So the thought is that an otherwise excellent academic school had this massive hole in one of its departments that a large percentage of athletes eventually got wind of, and not only did athletics have nothing to do with it, but it was athletics who tried to get it stopped?
Tough sell.
Agreed.The best way I've come up with to try to understand what went on is to go through the 5 levels of wrong doing:
1) Paper Classes - There is nothing wrong with paper classes, per se. Lots of schools, if not all, have them. They are usually used for more advanced studies and students, but they could also just be easy classes at a given school. I don't see any violation here, although certainly I question the department head if so many of his classes are paper classes.

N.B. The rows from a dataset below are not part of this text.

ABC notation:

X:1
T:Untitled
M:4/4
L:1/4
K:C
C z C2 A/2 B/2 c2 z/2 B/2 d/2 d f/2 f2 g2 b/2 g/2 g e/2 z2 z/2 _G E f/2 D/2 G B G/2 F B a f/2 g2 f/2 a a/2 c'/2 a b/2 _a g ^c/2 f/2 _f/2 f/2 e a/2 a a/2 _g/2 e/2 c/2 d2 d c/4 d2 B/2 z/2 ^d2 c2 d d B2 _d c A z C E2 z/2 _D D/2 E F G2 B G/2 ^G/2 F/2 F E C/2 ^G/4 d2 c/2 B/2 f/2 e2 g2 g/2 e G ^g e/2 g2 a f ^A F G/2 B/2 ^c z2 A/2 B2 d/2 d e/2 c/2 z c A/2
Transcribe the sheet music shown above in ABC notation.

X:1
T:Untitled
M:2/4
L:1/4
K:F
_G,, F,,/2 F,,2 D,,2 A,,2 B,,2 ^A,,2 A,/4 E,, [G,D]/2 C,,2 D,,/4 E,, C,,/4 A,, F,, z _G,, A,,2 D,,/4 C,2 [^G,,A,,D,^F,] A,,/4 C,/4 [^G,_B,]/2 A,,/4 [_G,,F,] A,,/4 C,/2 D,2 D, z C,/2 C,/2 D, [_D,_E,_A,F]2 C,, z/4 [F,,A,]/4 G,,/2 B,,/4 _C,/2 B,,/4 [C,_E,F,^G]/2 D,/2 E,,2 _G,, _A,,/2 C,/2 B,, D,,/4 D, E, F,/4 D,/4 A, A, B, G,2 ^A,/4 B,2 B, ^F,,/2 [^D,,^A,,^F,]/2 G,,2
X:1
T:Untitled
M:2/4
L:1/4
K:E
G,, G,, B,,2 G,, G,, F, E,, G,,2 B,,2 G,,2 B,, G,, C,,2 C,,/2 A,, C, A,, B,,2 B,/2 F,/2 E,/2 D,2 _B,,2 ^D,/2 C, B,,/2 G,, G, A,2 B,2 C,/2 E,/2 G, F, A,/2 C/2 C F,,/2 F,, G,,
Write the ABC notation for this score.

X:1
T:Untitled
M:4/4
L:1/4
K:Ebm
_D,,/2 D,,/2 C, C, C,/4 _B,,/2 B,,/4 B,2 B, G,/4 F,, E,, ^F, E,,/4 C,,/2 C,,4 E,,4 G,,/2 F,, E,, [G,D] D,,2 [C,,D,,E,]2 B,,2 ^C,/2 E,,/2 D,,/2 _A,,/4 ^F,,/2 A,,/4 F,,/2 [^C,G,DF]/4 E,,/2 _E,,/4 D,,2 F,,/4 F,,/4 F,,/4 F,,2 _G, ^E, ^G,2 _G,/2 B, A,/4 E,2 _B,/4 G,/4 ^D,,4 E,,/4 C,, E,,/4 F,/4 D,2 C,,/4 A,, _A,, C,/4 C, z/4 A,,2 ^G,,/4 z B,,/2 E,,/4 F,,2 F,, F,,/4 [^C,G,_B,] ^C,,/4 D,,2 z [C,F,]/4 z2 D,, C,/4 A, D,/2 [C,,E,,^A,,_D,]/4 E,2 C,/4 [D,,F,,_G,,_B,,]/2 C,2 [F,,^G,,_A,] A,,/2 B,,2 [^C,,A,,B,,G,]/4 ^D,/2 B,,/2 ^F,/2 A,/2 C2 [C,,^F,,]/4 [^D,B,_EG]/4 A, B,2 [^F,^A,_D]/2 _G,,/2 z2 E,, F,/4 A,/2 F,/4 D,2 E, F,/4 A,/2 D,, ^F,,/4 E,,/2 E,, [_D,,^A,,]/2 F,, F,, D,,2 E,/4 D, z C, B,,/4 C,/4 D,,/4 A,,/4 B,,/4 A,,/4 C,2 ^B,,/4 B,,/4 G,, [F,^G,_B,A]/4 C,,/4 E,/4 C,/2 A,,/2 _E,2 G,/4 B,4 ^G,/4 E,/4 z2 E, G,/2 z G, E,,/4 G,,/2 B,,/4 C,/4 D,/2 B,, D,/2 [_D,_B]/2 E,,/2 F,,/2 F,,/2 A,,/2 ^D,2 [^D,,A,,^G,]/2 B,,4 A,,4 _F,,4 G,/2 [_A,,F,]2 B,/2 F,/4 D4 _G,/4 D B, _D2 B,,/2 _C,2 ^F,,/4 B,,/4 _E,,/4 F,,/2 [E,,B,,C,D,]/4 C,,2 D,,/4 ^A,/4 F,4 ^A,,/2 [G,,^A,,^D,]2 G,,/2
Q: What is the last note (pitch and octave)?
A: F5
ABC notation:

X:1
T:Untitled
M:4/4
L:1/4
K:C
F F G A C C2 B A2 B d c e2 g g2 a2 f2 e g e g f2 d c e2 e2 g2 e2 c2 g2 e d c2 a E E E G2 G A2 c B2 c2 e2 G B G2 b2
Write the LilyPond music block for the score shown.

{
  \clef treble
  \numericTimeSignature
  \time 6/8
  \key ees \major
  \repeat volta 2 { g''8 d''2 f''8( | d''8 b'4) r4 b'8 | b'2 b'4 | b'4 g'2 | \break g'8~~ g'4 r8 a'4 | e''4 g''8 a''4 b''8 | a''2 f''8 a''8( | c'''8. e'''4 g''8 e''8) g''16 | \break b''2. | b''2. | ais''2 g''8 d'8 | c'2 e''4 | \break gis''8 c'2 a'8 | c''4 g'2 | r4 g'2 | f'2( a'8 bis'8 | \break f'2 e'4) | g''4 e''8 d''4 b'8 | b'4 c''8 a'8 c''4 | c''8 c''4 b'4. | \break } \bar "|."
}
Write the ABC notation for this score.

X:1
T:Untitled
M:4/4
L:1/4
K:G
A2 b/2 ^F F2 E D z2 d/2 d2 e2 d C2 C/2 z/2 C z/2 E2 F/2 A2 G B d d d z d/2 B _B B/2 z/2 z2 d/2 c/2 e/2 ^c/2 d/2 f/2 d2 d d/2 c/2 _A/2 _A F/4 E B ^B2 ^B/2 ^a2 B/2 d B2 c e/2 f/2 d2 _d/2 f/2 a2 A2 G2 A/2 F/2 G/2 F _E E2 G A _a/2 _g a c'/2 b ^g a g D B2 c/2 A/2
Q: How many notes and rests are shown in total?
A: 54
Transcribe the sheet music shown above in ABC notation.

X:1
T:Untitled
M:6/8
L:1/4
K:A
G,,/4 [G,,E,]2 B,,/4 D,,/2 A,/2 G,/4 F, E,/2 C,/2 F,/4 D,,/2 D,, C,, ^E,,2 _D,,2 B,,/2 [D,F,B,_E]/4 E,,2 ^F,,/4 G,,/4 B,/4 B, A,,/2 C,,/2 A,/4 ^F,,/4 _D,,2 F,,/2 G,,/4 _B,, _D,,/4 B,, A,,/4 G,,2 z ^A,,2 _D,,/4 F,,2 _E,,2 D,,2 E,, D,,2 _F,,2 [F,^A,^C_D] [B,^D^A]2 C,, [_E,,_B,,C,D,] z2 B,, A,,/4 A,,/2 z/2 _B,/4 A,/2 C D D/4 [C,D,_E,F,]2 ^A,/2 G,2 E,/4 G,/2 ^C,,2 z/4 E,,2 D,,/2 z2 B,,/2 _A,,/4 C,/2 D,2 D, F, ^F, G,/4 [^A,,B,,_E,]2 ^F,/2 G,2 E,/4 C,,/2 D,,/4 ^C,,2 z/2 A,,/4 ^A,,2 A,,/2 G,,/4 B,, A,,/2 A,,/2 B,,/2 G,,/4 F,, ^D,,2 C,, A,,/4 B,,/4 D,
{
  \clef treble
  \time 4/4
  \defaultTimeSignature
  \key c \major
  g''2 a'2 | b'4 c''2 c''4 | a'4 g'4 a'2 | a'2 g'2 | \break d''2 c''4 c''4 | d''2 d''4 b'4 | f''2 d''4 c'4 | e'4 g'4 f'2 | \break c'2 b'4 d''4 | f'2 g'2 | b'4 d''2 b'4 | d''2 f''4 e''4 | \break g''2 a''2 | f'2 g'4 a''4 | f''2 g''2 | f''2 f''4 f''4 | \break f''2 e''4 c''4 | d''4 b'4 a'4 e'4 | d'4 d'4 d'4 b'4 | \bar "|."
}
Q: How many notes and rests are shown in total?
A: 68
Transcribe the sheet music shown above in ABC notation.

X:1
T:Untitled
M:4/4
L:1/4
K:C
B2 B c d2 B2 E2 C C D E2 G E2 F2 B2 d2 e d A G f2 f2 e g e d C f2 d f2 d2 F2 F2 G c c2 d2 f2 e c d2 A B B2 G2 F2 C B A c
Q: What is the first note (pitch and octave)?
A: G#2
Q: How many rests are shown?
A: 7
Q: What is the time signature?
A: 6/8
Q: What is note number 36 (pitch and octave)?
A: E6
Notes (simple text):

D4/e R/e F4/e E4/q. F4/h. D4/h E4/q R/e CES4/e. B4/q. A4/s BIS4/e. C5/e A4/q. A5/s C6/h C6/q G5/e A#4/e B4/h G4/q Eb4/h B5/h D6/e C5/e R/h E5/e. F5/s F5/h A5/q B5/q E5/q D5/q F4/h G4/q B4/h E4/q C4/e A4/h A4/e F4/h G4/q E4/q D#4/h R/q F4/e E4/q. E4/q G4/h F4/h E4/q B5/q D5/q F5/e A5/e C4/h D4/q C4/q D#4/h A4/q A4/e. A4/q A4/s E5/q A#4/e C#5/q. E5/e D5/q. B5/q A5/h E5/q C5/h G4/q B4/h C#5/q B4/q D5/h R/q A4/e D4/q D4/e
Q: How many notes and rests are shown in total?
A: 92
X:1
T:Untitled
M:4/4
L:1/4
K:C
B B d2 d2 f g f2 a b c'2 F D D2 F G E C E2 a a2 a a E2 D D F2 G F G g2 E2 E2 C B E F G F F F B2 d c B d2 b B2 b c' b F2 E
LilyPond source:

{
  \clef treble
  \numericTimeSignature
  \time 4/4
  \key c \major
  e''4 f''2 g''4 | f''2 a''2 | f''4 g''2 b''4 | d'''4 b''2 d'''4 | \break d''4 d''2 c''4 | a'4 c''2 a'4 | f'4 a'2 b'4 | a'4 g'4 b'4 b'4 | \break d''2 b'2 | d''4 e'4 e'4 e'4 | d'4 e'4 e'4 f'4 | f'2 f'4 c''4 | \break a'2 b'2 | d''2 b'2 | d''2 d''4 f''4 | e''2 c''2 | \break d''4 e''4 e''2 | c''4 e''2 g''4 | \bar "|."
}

2) Steering athletes toward paper classes - Again, nothing technically wrong assuming the athletes keep their GPA above the minimum, but certainly sleazy looking and taking a sort of short cut on the athlete's education.
3) Favorable grading of papers - Here is where you pretty much cross the line, although technically it may not be a violation. The athlete writes their one paper, which deserves a C on any standard scale of merit and the grader gives the paper an A. This will give the school/department a bad reputation and should get the grader fired, but again, not sure this is technically an NCAA violation.
4) Grade changing - Athlete above writes the paper and it is graded as a C. Someone else changes the grade to an A to keep the athlete eligible. This is certainly an NCAA violation. Cheating at it's most basic.
5) No work - Someone else, Tutor, Grad Asst, actually writes the paper for the athlete. The Athlete does no work at all. This is fraud. Certain violation. Throw the book at them.
So as I understand it, numbers 1 and 2 are pretty undeniable at UNC. The question is how much of 3-5 was happening. The allegations are that a lot of that was happening. But those allegations are almost completely based on one whistle blower, WIllingham. And if there is evidence that she exaggerated or even outright lied about how much 3-5 was happening and for which athletes, well, it makes the NCAA's case tougher.